We Gotta Talk About Jeffrey

Content warning: this essay contains descriptions of child abuse. I mean, it's Epstein. This is part of what we have to talk about.

The email was titled "Jeff Epstein money."

The body:

Jeffrey money, needs to be anonymous. Thanks.

In six damning words, the leadership of MIT and the MIT Media Lab implicated themselves, and many of their collaborators, in a web of relationships founded on sex trafficking and eugenics.

It's an astonishingly revealing email. By writing "Jeffrey money, needs to be anonymous," the leadership, including MIT president L. Rafael Reif and Media Lab director Joi Ito, revealed that they knew that Jeffrey Epstein was a convicted child molester and still chose to take his money to fund the lab. They did so in a cloak-and-dagger fashion, without the knowledge or consent of their students. Further, the title of their email ("Jeff Epstein money") suggested that select members of the Media Lab, and by extension the elite American techno-counterculture that it represents, enjoyed an easy familiarity with Epstein. Yep. It's now public knowledge that such luminaries as John Brockman, Jaron Lanier, and many more (including, possibly, Stewart Brand) also rubbed shoulders with Epstein, even as he confided in them about his dream to mass-inseminate women with his sperm, letting him launder his reputation through theirs.

During the news cycle from July through October 2019, story after story broke about who had taken Epstein's money. This spreading radioactive cloud was the subject of many whispered conversations in my circles of American tech/art/media producers. Friends of friends, collaborators, even mentors were all touched by the fallout. As we processed each new shock together, we reacted with collective grief and anger. Now that we have a respite from the breaking news, I'd like to help start a broader conversation about what Epstein represents. Part of the work of talking about Jeffrey—and I don't use his first name lightly—is to situate him in a broader American cultural milieu.

One way to situate Epstein is to understand what Ronan Farrow would have witnessed growing up. American icon and filmmaker Woody Allen was a close friend of Epstein's, and Allen's son Ronan Farrow was the one to break the Media Lab story when the New York Times would not. A miasma of misery swirls about Allen's person. News articles document how Allen would take his seven-year-old adopted daughter into his bed under the sheets to "play," that Allen was found forcing the child's head into his crotch, that the family had to institute a rule that Allen was never to be left alone with the child. Later, when his wife at the time, Mia Farrow, adopted the young Soon-Yi Previn, Farrow found Polaroids of Previn that Allen had taken—full-body naked, she said, and each managed to contain both Previn's face and genitals. When Farrow saw Allen, she felt she was "looking straight into the face of pure evil." Allen later married Previn, effectively marrying his adopted daughter. In one of her first statements to the media about their relationship, Previn said: “I’m not a retarded little underage flower who was raped, molested, and spoiled by some evil stepfather—not by a long shot.” According to people close to the family, it's obvious that Allen had put his language into her mouth. One can only wonder about Ronan Farrow's motives for breaking the story.

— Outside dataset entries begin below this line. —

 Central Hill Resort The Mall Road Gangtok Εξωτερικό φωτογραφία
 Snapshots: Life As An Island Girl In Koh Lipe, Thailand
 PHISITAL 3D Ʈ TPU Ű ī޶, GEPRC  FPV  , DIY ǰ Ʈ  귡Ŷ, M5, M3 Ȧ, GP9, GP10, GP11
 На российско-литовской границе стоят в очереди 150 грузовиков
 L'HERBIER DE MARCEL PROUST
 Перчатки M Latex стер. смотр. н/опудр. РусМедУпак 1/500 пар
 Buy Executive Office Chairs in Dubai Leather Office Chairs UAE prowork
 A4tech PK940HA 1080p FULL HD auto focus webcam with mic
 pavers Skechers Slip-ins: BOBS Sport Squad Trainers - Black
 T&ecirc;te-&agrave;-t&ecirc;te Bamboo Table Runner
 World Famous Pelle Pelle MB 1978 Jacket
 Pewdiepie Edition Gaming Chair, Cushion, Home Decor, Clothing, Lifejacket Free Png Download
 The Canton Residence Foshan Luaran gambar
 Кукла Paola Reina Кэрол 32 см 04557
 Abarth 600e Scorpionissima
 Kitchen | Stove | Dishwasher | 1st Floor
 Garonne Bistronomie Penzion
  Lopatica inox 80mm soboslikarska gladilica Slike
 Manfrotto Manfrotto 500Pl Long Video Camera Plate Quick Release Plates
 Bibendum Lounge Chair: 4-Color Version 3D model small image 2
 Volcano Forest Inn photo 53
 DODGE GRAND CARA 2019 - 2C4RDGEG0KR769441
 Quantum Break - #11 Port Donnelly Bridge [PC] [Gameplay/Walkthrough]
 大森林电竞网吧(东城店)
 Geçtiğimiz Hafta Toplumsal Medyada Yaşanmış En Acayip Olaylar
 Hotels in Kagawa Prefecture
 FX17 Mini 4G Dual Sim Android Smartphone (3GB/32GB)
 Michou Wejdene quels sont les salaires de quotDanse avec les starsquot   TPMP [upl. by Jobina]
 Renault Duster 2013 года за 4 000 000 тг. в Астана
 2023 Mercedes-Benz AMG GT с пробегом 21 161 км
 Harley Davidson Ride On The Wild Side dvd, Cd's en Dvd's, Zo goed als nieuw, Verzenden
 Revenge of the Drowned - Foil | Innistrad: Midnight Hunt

Another way to situate Epstein is to understand that Nabokov, a Russian émigré who composed the canonical American text Lolita as a "love letter to the English language," has now become much more American than he could have hoped. The narrative of Lolita orbits two charismatic cultural-producers-cum-pedophiles, Humbert (a washed-up European intellectual) and Quilty (a debauched American playwright). Humbert takes as hostage a young American girl, Dolores Haze, whom he calls "Lolita." Then the two producers, Humbert and Quilty, jerk her body across the sprawling country, her experience mediated by Humbert's hungry eyes and hands as he clutches his pen to spill out opalescent language all over the sheets. The excuse that Humbert hands to the doctor is "Old Europe debauching young America." More than sixty years later, another chapter of Lolita was composed. Epstein's associates dubbed his private jet, which one writer described as a "large-cabin Boeing 727 now associated with both high glamour and incomprehensible suffering," the "Lolita Express." One confidante recounted how Epstein would lose patience with scientific conversations at highbrow salons and blurt out, "What does that got to do with pussy?!" Nabokov would have killed for that line. He would have wrapped Quilty's bathrobe over Epstein's shoulders for that.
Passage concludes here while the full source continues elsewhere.